• _Activity_
Send back exactly the lines from the opening line of the records below through the one with "ミー イッセイミヤケ me".

=== Section Start ===

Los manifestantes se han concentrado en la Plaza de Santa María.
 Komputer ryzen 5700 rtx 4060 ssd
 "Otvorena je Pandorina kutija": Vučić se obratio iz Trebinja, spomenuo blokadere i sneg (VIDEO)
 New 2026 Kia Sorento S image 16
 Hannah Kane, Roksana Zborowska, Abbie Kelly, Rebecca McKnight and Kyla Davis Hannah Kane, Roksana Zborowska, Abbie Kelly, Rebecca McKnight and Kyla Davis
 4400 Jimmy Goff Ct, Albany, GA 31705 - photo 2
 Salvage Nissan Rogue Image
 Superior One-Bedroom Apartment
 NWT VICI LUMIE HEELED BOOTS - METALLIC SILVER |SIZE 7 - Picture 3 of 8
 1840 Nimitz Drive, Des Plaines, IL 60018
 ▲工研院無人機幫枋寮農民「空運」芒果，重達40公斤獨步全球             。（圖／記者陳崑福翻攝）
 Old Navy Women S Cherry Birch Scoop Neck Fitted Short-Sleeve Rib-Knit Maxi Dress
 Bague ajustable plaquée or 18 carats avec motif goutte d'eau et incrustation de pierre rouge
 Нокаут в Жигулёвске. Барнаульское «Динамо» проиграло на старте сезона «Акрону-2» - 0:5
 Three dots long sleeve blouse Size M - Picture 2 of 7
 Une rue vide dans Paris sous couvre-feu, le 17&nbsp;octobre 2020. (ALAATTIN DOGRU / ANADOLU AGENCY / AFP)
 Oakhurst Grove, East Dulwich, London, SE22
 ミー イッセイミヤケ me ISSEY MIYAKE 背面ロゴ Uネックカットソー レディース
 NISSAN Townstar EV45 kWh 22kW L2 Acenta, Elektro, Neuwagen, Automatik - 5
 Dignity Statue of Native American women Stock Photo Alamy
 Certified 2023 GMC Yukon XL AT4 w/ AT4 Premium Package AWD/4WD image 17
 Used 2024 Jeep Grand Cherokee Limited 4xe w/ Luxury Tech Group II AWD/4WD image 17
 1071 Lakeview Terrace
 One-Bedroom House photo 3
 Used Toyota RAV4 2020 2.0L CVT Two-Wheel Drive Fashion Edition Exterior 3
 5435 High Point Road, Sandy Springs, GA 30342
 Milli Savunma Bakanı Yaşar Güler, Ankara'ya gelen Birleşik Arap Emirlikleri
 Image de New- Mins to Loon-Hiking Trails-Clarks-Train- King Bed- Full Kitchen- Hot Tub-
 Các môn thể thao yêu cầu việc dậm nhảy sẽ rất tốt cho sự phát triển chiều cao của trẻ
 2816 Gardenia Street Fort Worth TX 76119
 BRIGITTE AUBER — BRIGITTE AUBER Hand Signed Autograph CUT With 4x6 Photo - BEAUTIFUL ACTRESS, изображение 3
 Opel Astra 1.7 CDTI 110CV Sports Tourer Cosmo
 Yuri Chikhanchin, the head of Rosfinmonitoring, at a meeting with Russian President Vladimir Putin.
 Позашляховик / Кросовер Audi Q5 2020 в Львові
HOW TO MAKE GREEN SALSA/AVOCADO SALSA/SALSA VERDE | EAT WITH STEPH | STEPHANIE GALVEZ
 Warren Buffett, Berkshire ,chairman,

=== Section End ===

• _Response area_
Los manifestantes se han concentrado en la Plaza de Santa María.
 Komputer ryzen 5700 rtx 4060 ssd
 "Otvorena je Pandorina kutija": Vučić se obratio iz Trebinja, spomenuo blokadere i sneg (VIDEO)
 New 2026 Kia Sorento S image 16
 Hannah Kane, Roksana Zborowska, Abbie Kelly, Rebecca McKnight and Kyla Davis Hannah Kane, Roksana Zborowska, Abbie Kelly, Rebecca McKnight and Kyla Davis
 4400 Jimmy Goff Ct, Albany, GA 31705 - photo 2
 Salvage Nissan Rogue Image
 Superior One-Bedroom Apartment
 NWT VICI LUMIE HEELED BOOTS - METALLIC SILVER |SIZE 7 - Picture 3 of 8
 1840 Nimitz Drive, Des Plaines, IL 60018
 ▲工研院無人機幫枋寮農民「空運」芒果，重達40公斤獨步全球             。（圖／記者陳崑福翻攝）
 Old Navy Women S Cherry Birch Scoop Neck Fitted Short-Sleeve Rib-Knit Maxi Dress
 Bague ajustable plaquée or 18 carats avec motif goutte d'eau et incrustation de pierre rouge
 Нокаут в Жигулёвске. Барнаульское «Динамо» проиграло на старте сезона «Акрону-2» - 0:5
 Three dots long sleeve blouse Size M - Picture 2 of 7
 Une rue vide dans Paris sous couvre-feu, le 17&nbsp;octobre 2020. (ALAATTIN DOGRU / ANADOLU AGENCY / AFP)
 Oakhurst Grove, East Dulwich, London, SE22
 ミー イッセイミヤケ me ISSEY MIYAKE 背面ロゴ Uネックカットソー レディース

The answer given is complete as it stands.